Relativement méconnu dans la filmographie de Peter Bogdanovich, Saint Jack s’est offert, en même temps que La dernière séance, une belle mise en avant par Carlotta Films. En effet, le film est sorti le 10 octobre dernier en Édition Prestige Limitée avec Blu-ray, DVD et Memorabilia. Une superbe édition pour une œuvre atypique qui mérite amplement qu’on s’y attarde.

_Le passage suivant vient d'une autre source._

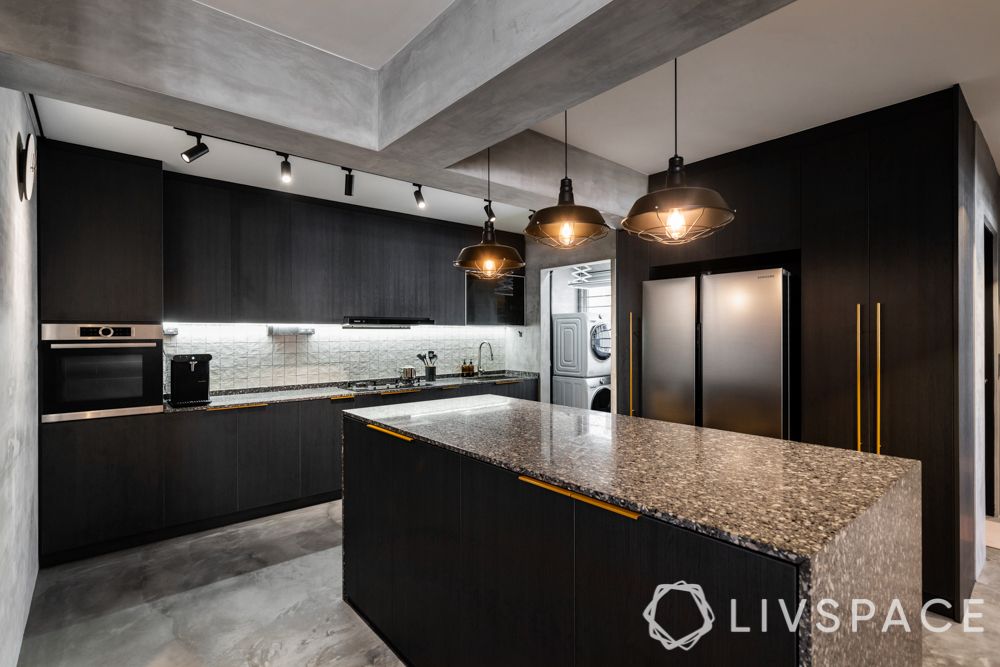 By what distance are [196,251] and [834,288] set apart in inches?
172

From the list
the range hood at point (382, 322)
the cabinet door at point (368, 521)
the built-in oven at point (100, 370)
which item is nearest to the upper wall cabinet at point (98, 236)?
the built-in oven at point (100, 370)

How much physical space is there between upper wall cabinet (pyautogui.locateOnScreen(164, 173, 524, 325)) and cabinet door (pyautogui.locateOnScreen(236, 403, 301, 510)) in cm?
83

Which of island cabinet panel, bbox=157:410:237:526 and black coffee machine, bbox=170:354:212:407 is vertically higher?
black coffee machine, bbox=170:354:212:407

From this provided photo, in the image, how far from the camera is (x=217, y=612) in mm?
2463

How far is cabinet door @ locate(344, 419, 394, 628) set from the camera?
221 centimetres

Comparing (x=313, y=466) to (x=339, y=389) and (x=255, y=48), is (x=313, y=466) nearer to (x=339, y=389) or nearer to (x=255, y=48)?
(x=339, y=389)

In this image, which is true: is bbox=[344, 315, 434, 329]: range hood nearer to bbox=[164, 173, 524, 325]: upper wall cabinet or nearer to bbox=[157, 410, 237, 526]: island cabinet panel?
bbox=[164, 173, 524, 325]: upper wall cabinet

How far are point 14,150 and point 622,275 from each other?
11.7 ft

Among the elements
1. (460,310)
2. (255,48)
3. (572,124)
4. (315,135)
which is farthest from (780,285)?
(460,310)

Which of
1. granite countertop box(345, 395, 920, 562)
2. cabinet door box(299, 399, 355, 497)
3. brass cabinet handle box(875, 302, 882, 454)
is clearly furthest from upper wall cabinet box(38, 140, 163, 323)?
brass cabinet handle box(875, 302, 882, 454)

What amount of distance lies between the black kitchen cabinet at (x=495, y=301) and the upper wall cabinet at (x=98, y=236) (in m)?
2.94

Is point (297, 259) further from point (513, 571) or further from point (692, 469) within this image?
A: point (692, 469)

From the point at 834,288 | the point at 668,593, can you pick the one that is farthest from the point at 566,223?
the point at 834,288

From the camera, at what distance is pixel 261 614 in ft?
8.04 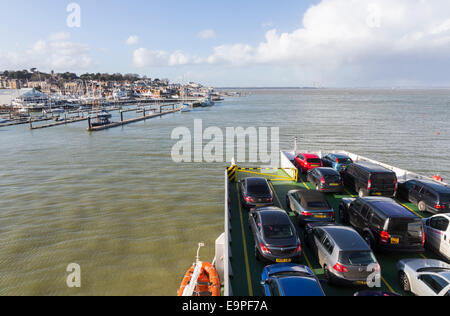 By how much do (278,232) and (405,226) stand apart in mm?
3797

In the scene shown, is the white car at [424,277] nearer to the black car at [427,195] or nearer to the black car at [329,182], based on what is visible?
the black car at [427,195]

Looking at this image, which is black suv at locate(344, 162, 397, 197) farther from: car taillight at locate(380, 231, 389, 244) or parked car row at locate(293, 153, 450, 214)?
car taillight at locate(380, 231, 389, 244)

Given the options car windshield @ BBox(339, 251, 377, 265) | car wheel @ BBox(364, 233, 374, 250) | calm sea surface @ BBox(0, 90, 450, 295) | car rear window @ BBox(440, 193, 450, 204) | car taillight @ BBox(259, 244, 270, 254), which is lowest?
calm sea surface @ BBox(0, 90, 450, 295)

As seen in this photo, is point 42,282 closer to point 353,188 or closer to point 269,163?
point 353,188

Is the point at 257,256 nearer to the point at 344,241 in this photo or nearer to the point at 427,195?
the point at 344,241

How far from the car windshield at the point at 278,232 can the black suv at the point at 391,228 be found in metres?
2.72

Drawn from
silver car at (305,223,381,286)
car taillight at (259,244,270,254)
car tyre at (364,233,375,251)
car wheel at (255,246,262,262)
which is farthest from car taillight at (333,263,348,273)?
car tyre at (364,233,375,251)

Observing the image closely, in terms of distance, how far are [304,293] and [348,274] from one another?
1.81 meters

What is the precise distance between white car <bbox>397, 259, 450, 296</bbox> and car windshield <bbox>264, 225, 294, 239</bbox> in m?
3.00

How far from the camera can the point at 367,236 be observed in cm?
921

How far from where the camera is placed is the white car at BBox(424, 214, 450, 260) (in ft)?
27.8

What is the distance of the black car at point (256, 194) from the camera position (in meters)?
12.2

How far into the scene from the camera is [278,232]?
28.1 ft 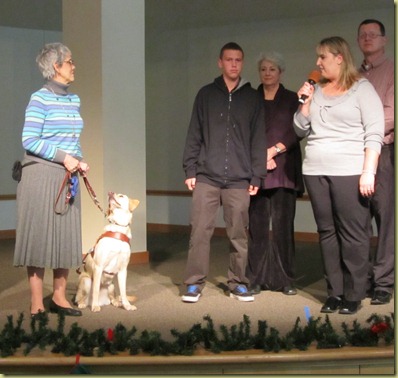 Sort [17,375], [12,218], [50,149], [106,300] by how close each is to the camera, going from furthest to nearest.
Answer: [12,218] < [106,300] < [50,149] < [17,375]

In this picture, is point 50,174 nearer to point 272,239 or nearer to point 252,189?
point 252,189

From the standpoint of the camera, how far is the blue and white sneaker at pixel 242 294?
18.9ft

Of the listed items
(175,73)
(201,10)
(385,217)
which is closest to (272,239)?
(385,217)

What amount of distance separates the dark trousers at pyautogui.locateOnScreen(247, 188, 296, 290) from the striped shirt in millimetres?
1372

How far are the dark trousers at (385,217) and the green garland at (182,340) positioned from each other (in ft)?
3.59

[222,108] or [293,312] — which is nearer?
[293,312]

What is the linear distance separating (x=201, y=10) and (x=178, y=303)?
4147 mm

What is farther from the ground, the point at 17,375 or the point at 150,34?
the point at 150,34

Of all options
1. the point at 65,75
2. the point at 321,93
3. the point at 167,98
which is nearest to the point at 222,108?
the point at 321,93

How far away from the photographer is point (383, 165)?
5613 millimetres

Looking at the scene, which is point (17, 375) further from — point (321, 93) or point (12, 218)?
point (12, 218)

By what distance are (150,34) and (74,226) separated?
5269 mm

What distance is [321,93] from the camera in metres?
5.34

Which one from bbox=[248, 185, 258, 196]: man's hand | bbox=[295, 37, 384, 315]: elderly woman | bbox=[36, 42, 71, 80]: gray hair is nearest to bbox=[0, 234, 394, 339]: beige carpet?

Peter Bogdanovich le dit lui-même, Saint Jack est l’un de ses films préférés, celui qui lui redonna le goût de la réalisation. Après trois échecs successifs (Daisy Miller, Enfin l’amour et Nickelodeon), Bogdanovich aborde la fin des années 70 déprimé. Cybill Sheperd, sa compagne de l’époque, est en procès contre Playboy qui avait diffusé sans autorisation des photogrammes d’elle nue quand elle tournait La dernière séance. Il se trouve qu’à l’époque, Playboy détenait les droits du livre Saint Jack écrit par Paul Theroux. Orson Welles, ami de Bogdanovich, pensait qu’il pourrait en tirer un bon film. Sheperd négocia alors les droits du roman durant son procès, mais Welles ne se mettant toujours pas au travail, Bogdanovich reprit les rênes de la réalisation. Il alla chercher Roger Corman chez qui il avait débuté pour dégoter un petit budget et s’en alla à Singapour avec Ben Gazzara et une équipe technique réduite pour tourner Saint Jack.

L’histoire du cinéma a ensuite un peu oublié le film et c’est bien dommage tant, effectivement, on sent chez Bogdanovich un vrai plaisir à le réaliser. L’intrigue du film se déroule à Singapour dans les années 70. Jack Flowers est un américain expatrié qui dirige une maison close avec succès, s’attirant les foudres des concurrents. Parallèlement il se prend d’amitié pour William Leigh (irrésistible Denholm Elliott), un comptable venu de Hong-Kong et se fait contacter par Eddie Schuman, un homme travaillant pour la CIA…

Visiblement inspiré par le travail de John Cassavetes (à qui il emprunte Ben Gazzara, l’un de ses acteurs fétiches), Peter Bogdanovich filme les déambulations de son personnage sans véritable trame principale. La caméra déambule en même temps que Jack Flowers et capte l’énergie du Singapour de l’époque, véritable lieu de détente et de plaisir, notamment pour les soldats américains basés au Vietnam. D’ailleurs, Peter Bogdanovich dut rédiger un traitement totalement différent de celui du film tourné pour convaincre les autorités de Singapour de tourner sur place. Ce n’est qu’une fois le film sorti que la supercherie fut dévoilée. Pour autant, Saint Jack est le reflet de la réalité de l’époque, critiquant l’impérialisme des américains et le colonialisme des anglais. Le film n’en est pas moins une déclaration d’amour laconique à une ville unique au monde où les vices se concentrent, les ambitions se perdent et le sens moral est mis à mal.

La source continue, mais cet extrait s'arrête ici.